= PROBLEM DESCRIPTION =
In the entries below, begin at the line with "Radiance Cordless Driftwood" and stop after the line with "NEW Rustic Heart"; output those lines exactly and omit the pictures.

= DATA FOR THE TASK =
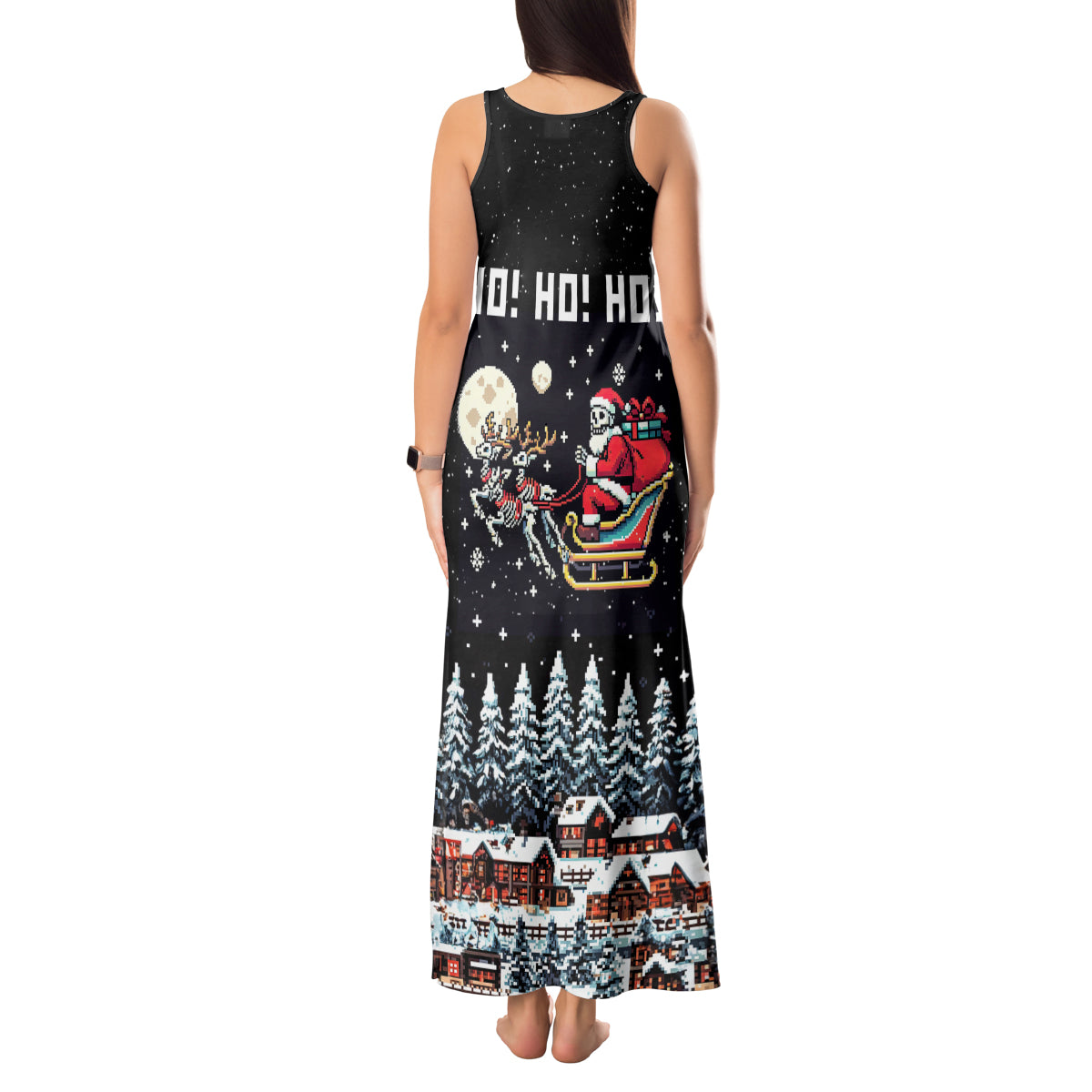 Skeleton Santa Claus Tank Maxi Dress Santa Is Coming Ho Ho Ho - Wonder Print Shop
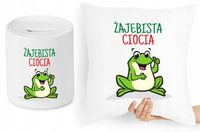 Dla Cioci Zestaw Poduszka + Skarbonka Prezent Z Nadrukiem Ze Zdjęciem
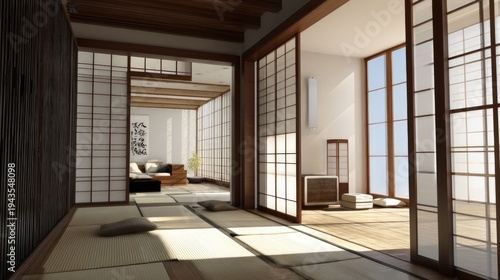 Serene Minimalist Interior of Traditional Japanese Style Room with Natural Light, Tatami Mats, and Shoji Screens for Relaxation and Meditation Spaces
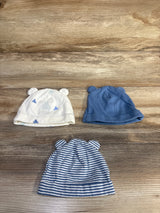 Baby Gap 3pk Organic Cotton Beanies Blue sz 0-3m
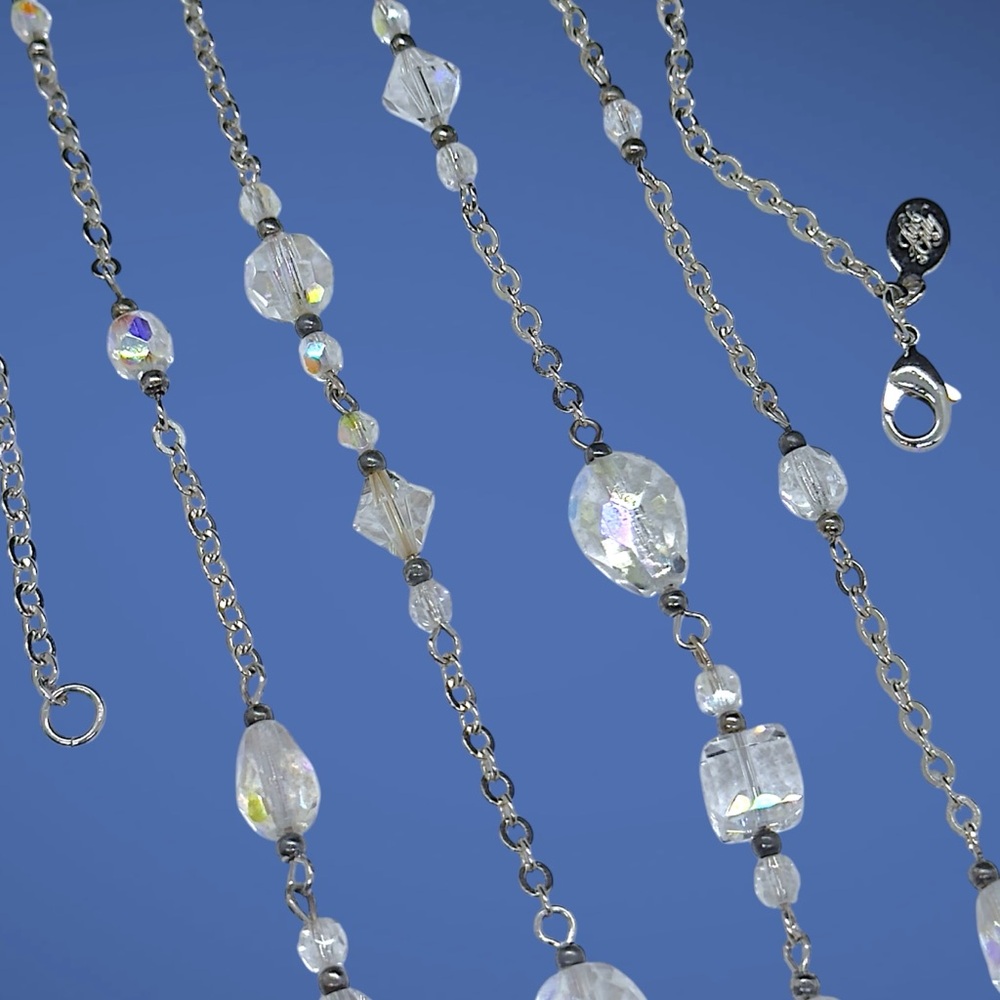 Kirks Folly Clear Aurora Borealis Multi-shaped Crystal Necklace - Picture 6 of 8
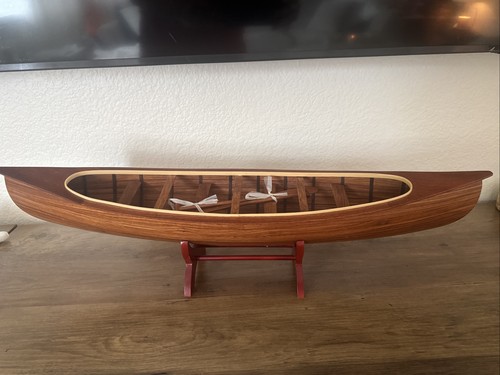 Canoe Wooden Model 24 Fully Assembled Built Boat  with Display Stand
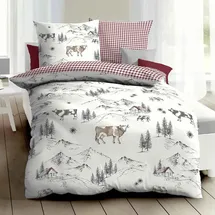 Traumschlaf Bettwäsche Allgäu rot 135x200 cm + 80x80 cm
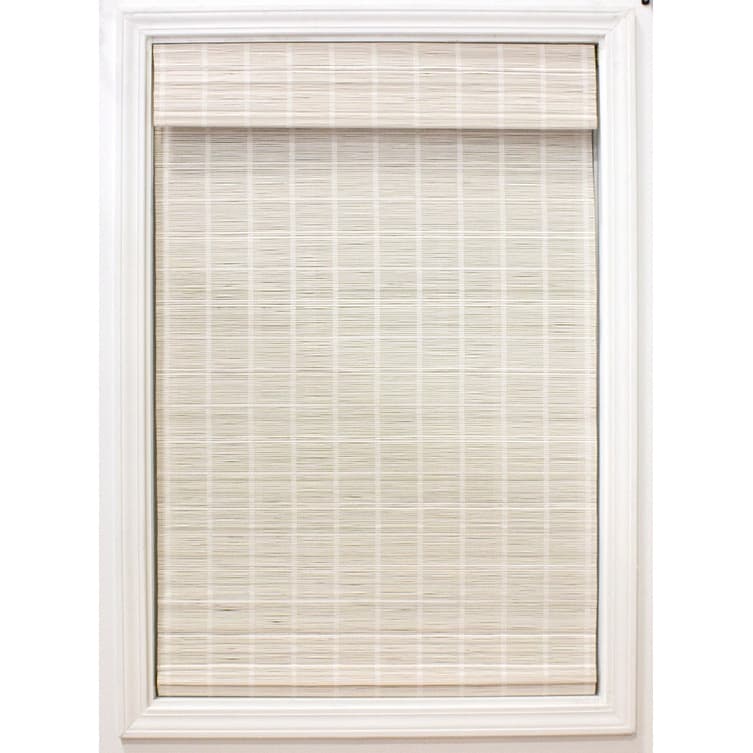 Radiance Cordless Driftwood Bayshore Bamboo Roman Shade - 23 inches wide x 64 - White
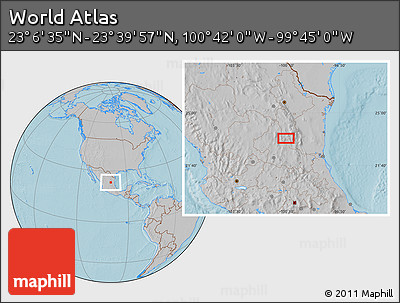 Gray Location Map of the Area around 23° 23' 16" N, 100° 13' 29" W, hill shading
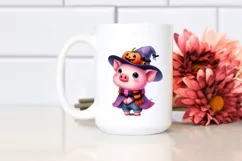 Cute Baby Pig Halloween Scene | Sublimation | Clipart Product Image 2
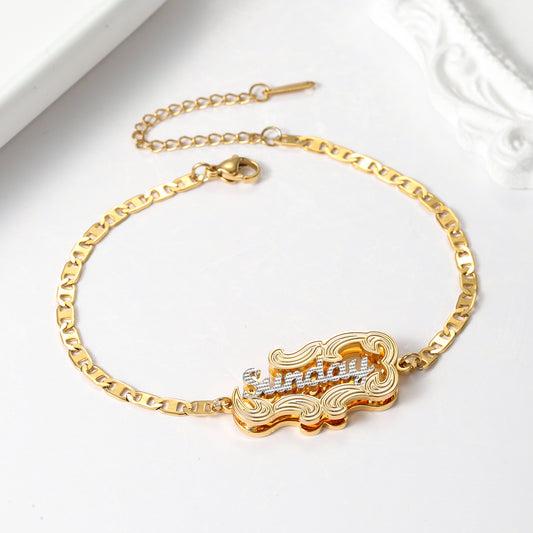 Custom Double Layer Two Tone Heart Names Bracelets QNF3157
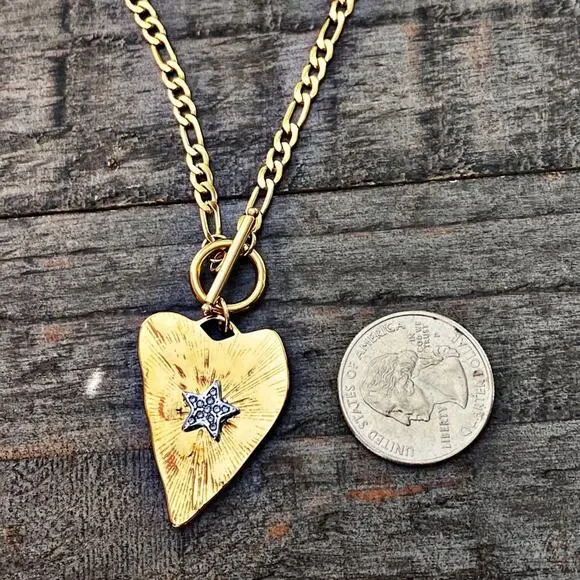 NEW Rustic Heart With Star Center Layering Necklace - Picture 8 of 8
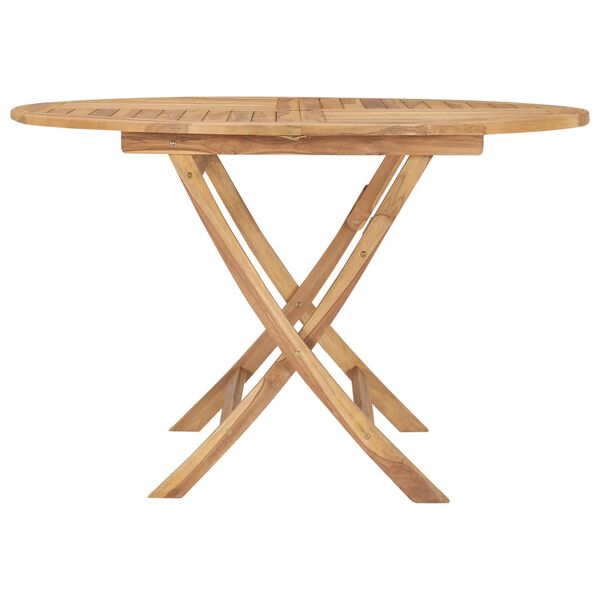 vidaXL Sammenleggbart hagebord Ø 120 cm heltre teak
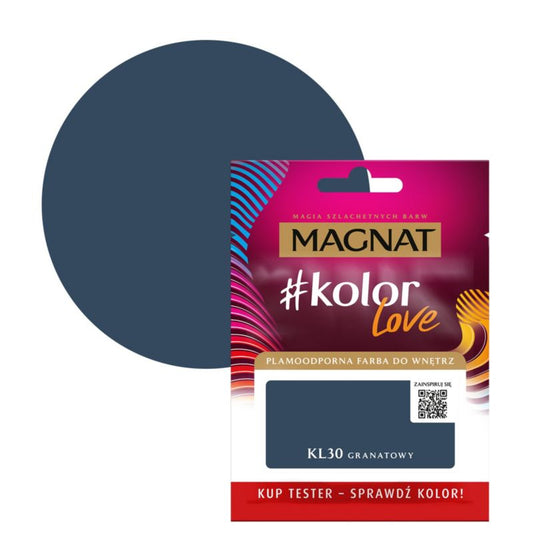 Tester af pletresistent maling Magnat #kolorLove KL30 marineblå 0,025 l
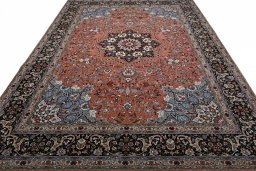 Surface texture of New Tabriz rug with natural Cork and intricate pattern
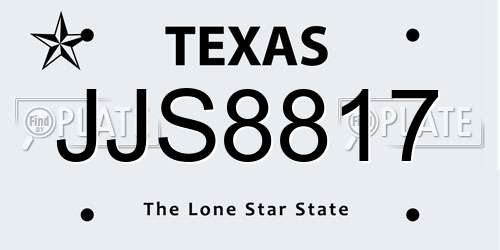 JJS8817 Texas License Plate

= TASK RESPONSE =
 Radiance Cordless Driftwood Bayshore Bamboo Roman Shade - 23 inches wide x 64 - White
 Gray Location Map of the Area around 23° 23' 16" N, 100° 13' 29" W, hill shading
 Cute Baby Pig Halloween Scene | Sublimation | Clipart Product Image 2
 Custom Double Layer Two Tone Heart Names Bracelets QNF3157
 NEW Rustic Heart With Star Center Layering Necklace - Picture 8 of 8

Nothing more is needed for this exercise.